I think he is cute, and looks like trouble, lol.
I no nothing about pedigrees so I will leave that to the experts.


----------



## Chuck94! (Feb 8, 2018)

Thanks. He is trouble - I was reading some old threads and I believe it was one of your posts where you said many of your dogs sleep on your bed - So I figured I would let Rollo try that one night. Definitely did not go as planned and he was back in his crate in about 15 minutes lol


----------



## tim_s_adams (Aug 9, 2017)

Neither of the dogs you listed as the parents are found in the dog, but Roll is a good looking puppy! I like Michael Ellis videos...


----------



## Chuck94! (Feb 8, 2018)

Same Tim. I could find stuff for "Hinterschloss" from his Sire, but not the Sire himself.
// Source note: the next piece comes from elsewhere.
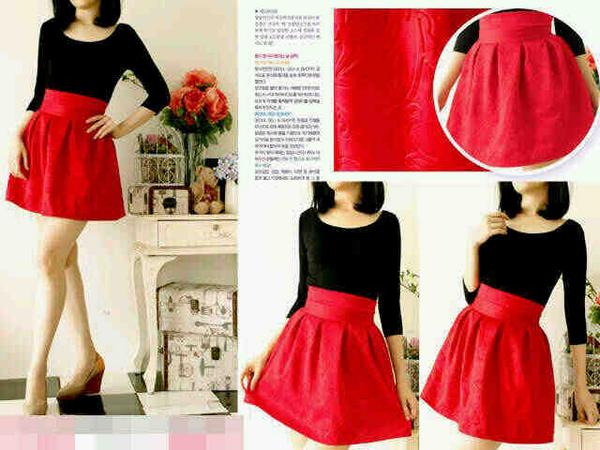 GFStyle_'s tweet photo. Plated skirt red 75000 http://t.co/uijtQwZdLa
Oh well, I just refer to Rollo as "Rollo Bad Mama Jama Marquardt" lol


----------



## wolfy dog (Aug 1, 2012)

So fun for him to grow up with both parents. I think that is good for pups. Good luck with your puppy.


----------



## fddlss (Feb 22, 2018)

Beautiful family!


----------



## dogbyte (Apr 5, 2002)

Go to Leerburg.com and there are more free Ellis videos as well as great ones to purchase. He is a great dog and people trainer.


----------



## Chuck94! (Feb 8, 2018)

*Raising your puppy with michael ellis*

- I purchased the *"Raising Your Puppy With Michael Ellis"* video on Leerburg.com yesterday, I needed to purchase it and spend my own money on it, b/c while sad, that is the ONLY way I can ensure that I finish it completely, but also go back over and over. Whenever I get books/software/etc. for "free" I end up not feeling obligated to use it lol. 
...Anyway so far so good!


----------